[Records contained in a dataset]
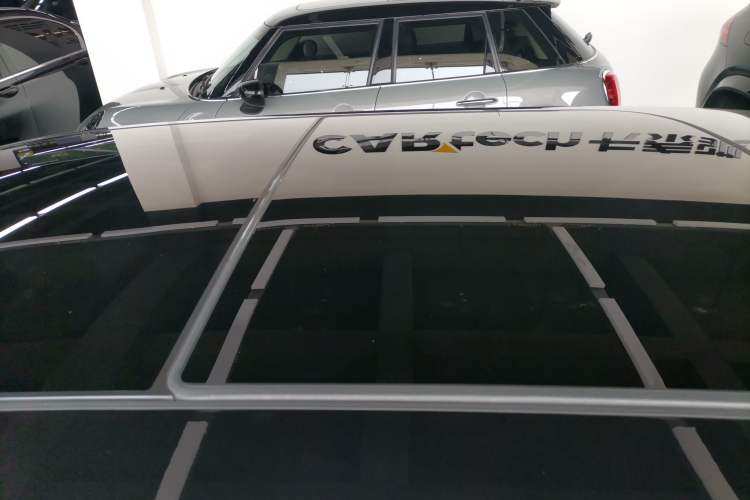 Used MINI 2023 Updated 2.0T COOPER S Artist Roof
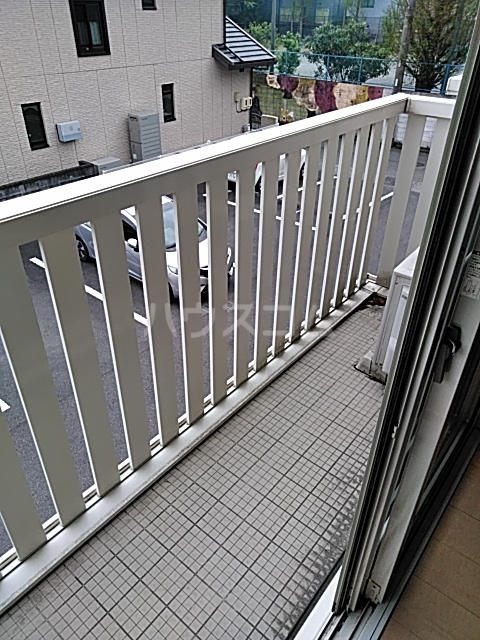 19/28 バルコニー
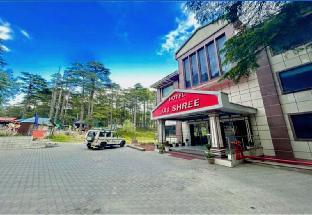 Hotel Jai Shree,Patnitop>>Katra,3 star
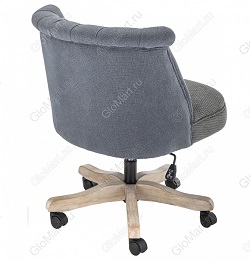 Компьютерное кресло мягкое. Обивка из ткани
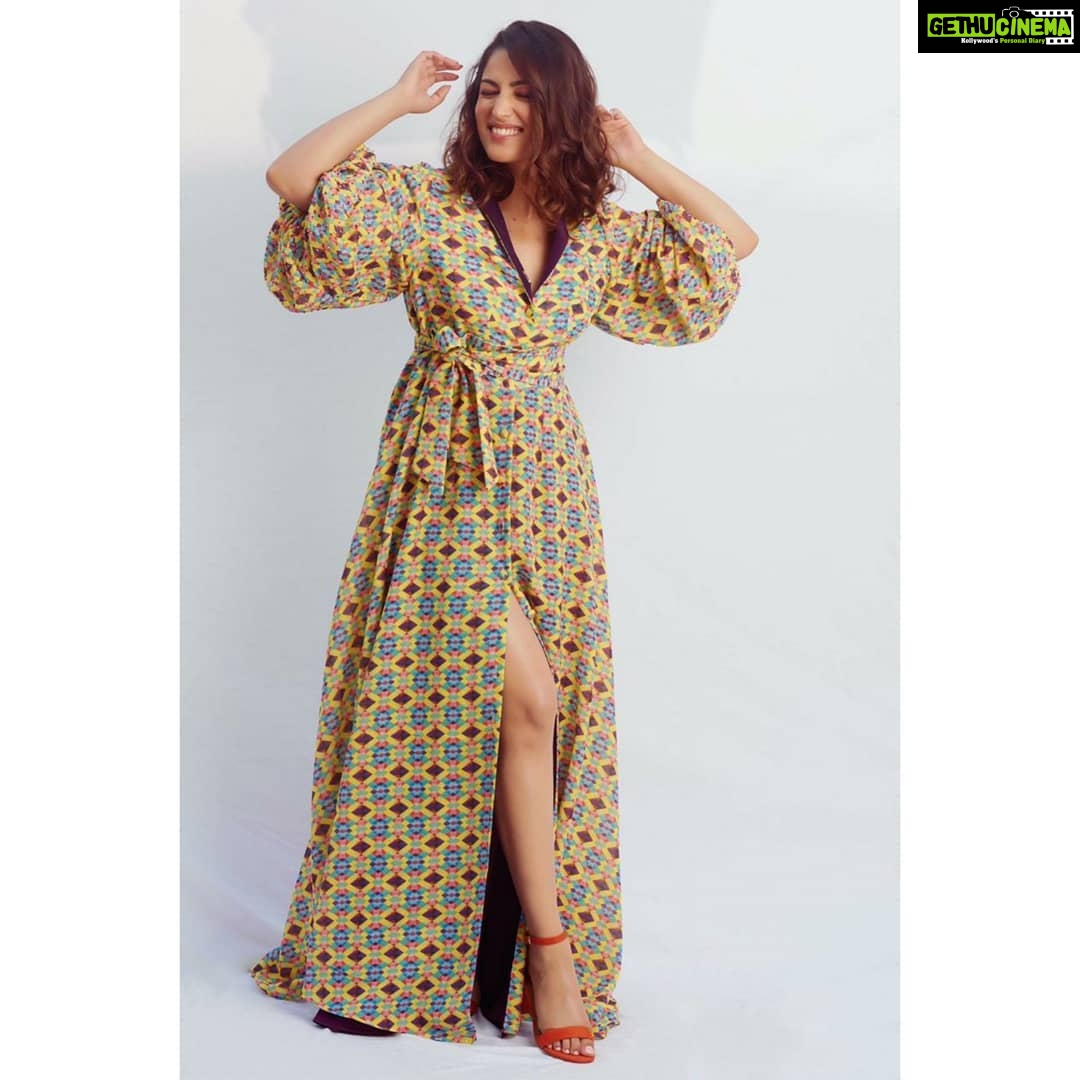 Yami Gautam Instagram - M O O D 😄 . . . 👗: @eshaamiin1 💄💅: @sahithya.shetty 💁:@hairstylist_madhav 📷: @mayurnarangikar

● **WHAT TO WORK ON**: The copy should hold exactly the lines from the one containing "Hotel Jai Shree,Patnitop>>Katra,3 star" through the final line of the records above, both ends included, and no picture.

● **RESULT**:
 Hotel Jai Shree,Patnitop>>Katra,3 star
 Компьютерное кресло мягкое. Обивка из ткани
 Yami Gautam Instagram - M O O D 😄 . . . 👗: @eshaamiin1 💄💅: @sahithya.shetty 💁:@hairstylist_madhav 📷: @mayurnarangikar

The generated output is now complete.